### What you will do
Repeat every entry exactly as it stands. Omit the images.

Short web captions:
___
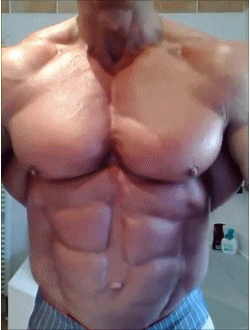 Men muscle nips
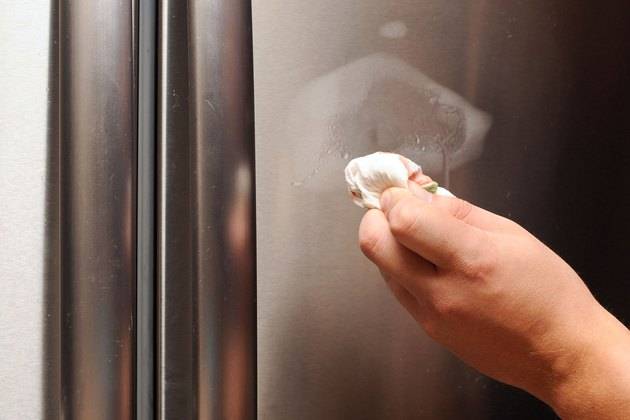 Как убрать вмятину на холодильнике?
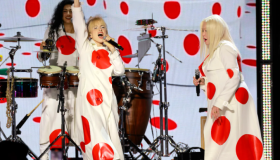 Cyndi Lauper invita a Hayley Williams de Paramore en concierto para interpretar el clásico «Girls Just Wanna Have Fun” 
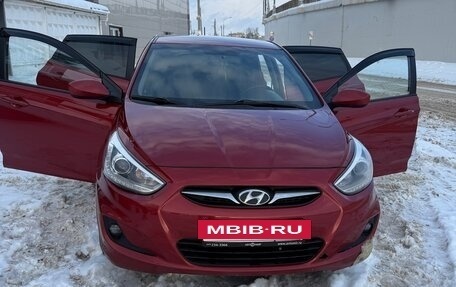 Hyundai Solaris II рестайлинг, 2014 год, 880 000 рублей, 13 фотография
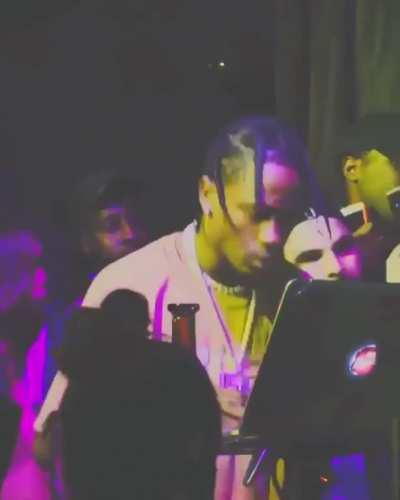 Travis = Uzi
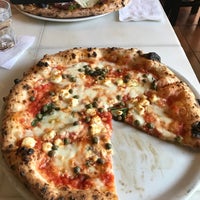 10/28/2017にKarl H.がMenomalé Pizza Napoletanaで撮った写真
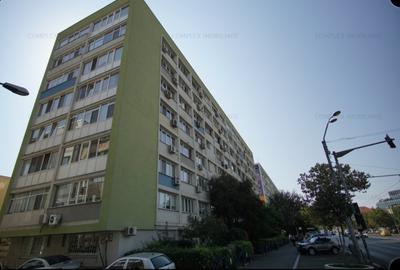 Garsonieră decomandată, mobilată în Unirii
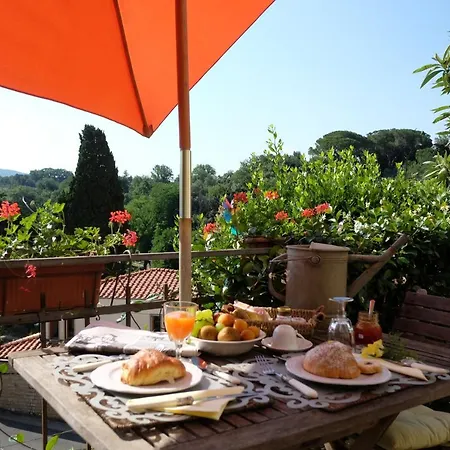 La Casa Nel Borgo Bed & Breakfast 3*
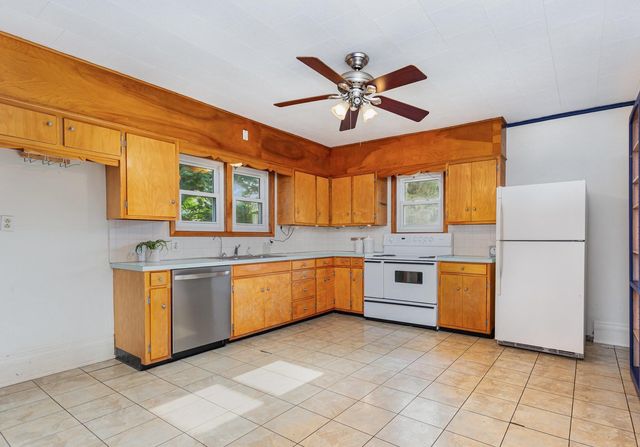 3340 Stringtown Road NE, Lancaster, OH 43130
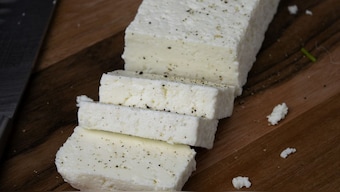 Fake paneer—often called artificial or analogue paneer—is essentially a lookalike of the real thing. It’s designed to resemble traditional dairy paneer in appearance, texture, and even taste, but without using actual milk in full. Image for Representation. Pixabay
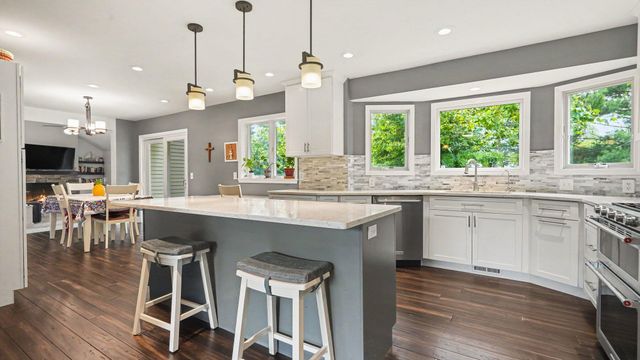 2199 Maple Park Dr., Ann Arbor, MI 48108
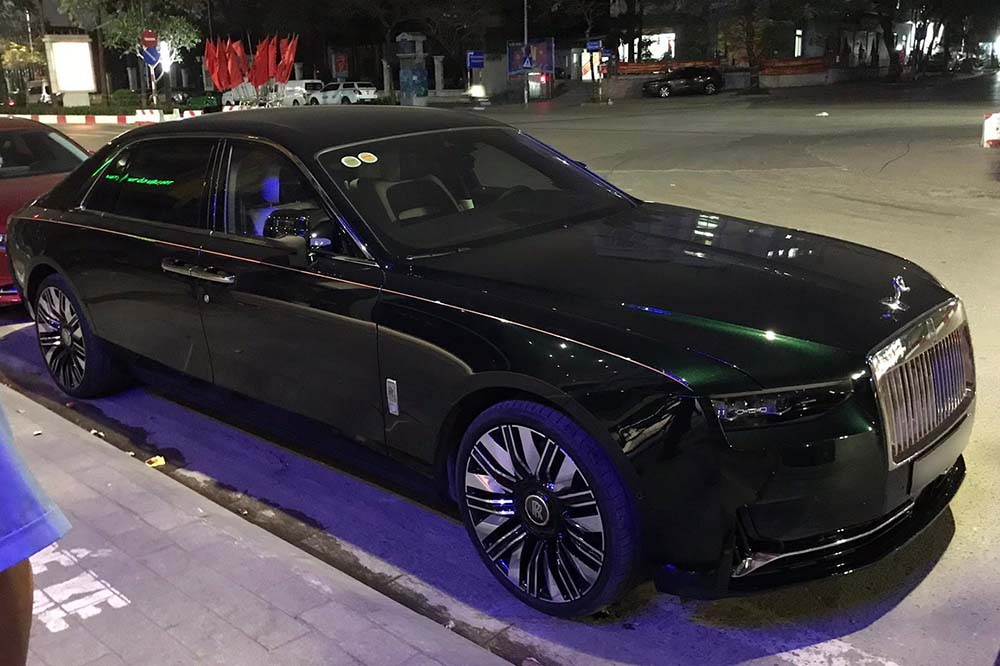 The new generation Rolls-Royce Ghost Series II appeared on the streets of Hanoi with a striking green exterior and an eye-catching auction license plate. Photo: Gia Huy
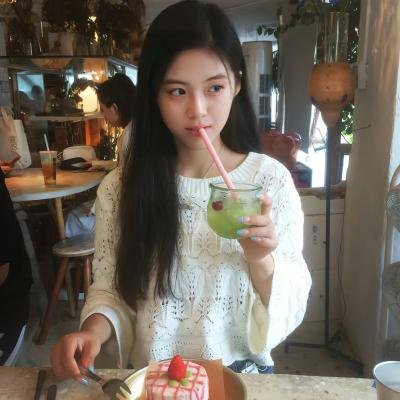 跳舞的红色公交
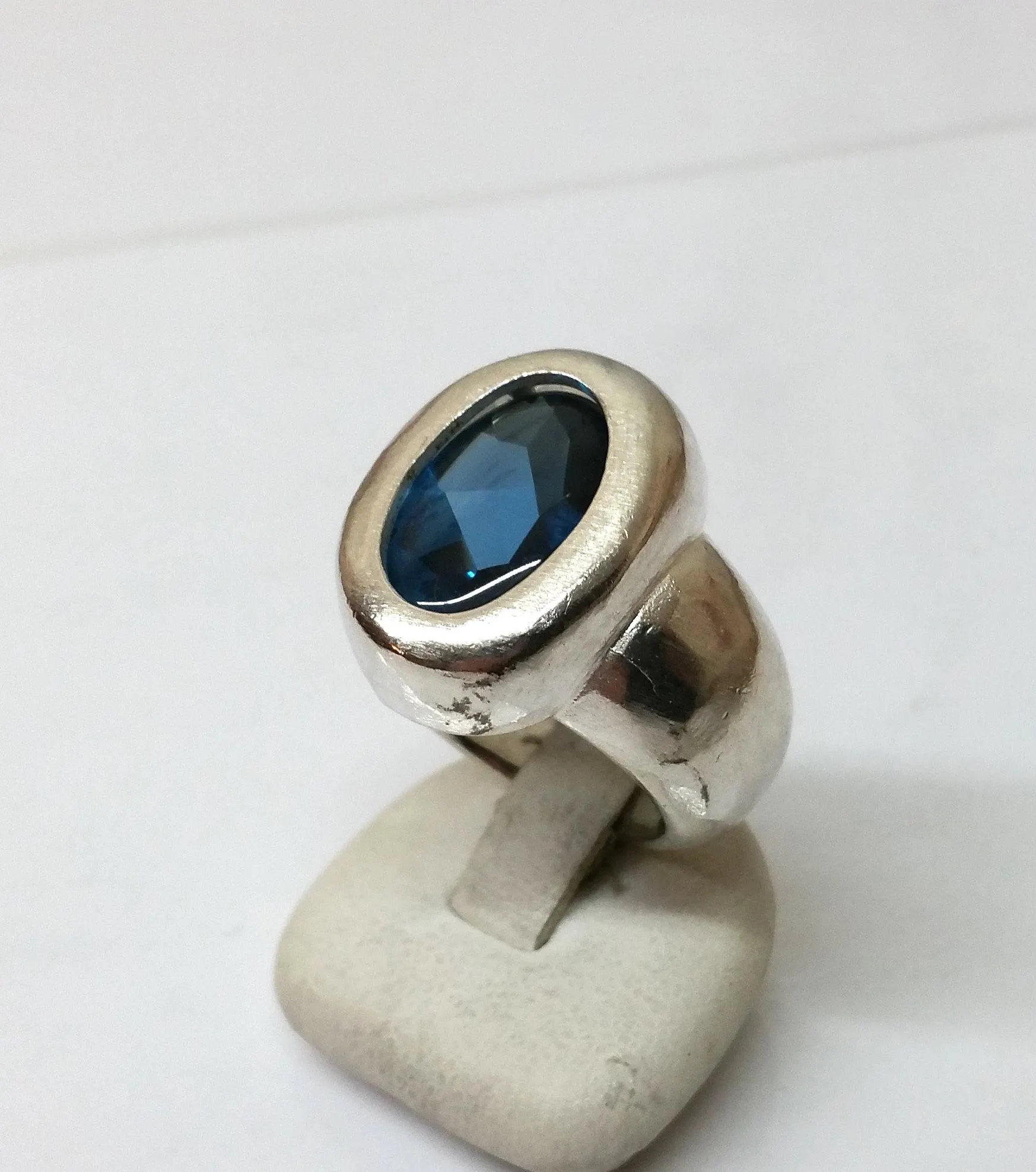 17,2 mm Prachtvoller massiver Designer Ring Mandelkern Silber 925 Blautopas selten SR499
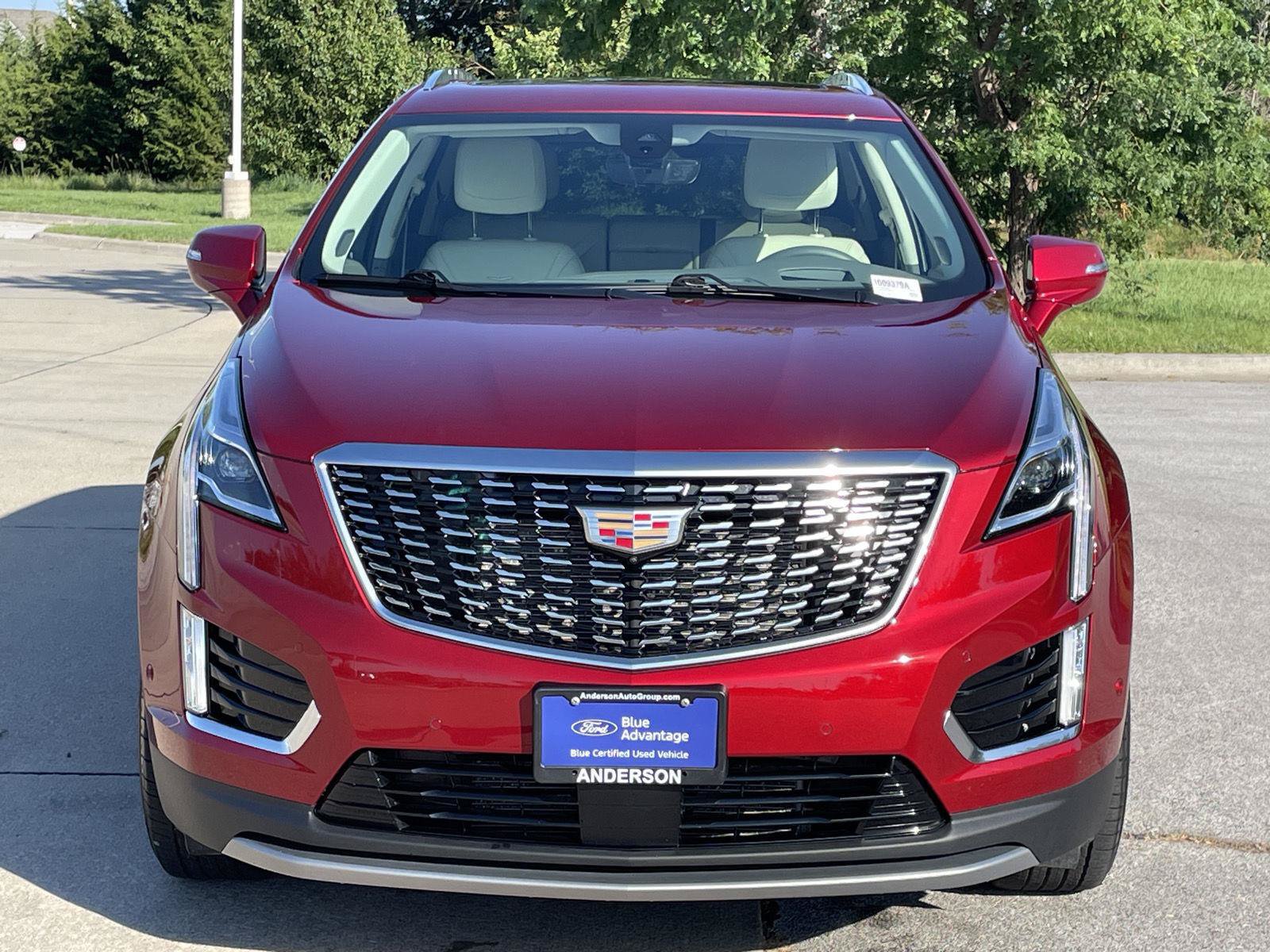 Used 2025 Cadillac XT5 Premium Luxury w/ Technology Package AWD/4WD image 4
___
### Task answer
 Men muscle nips
 Как убрать вмятину на холодильнике?
 Cyndi Lauper invita a Hayley Williams de Paramore en concierto para interpretar el clásico «Girls Just Wanna Have Fun” 
 Hyundai Solaris II рестайлинг, 2014 год, 880 000 рублей, 13 фотография
 Travis = Uzi
 10/28/2017にKarl H.がMenomalé Pizza Napoletanaで撮った写真
 Garsonieră decomandată, mobilată în Unirii
 La Casa Nel Borgo Bed & Breakfast 3*
 3340 Stringtown Road NE, Lancaster, OH 43130
 Fake paneer—often called artificial or analogue paneer—is essentially a lookalike of the real thing. It’s designed to resemble traditional dairy paneer in appearance, texture, and even taste, but without using actual milk in full. Image for Representation. Pixabay
 2199 Maple Park Dr., Ann Arbor, MI 48108
 The new generation Rolls-Royce Ghost Series II appeared on the streets of Hanoi with a striking green exterior and an eye-catching auction license plate. Photo: Gia Huy
 跳舞的红色公交
 17,2 mm Prachtvoller massiver Designer Ring Mandelkern Silber 925 Blautopas selten SR499
 Used 2025 Cadillac XT5 Premium Luxury w/ Technology Package AWD/4WD image 4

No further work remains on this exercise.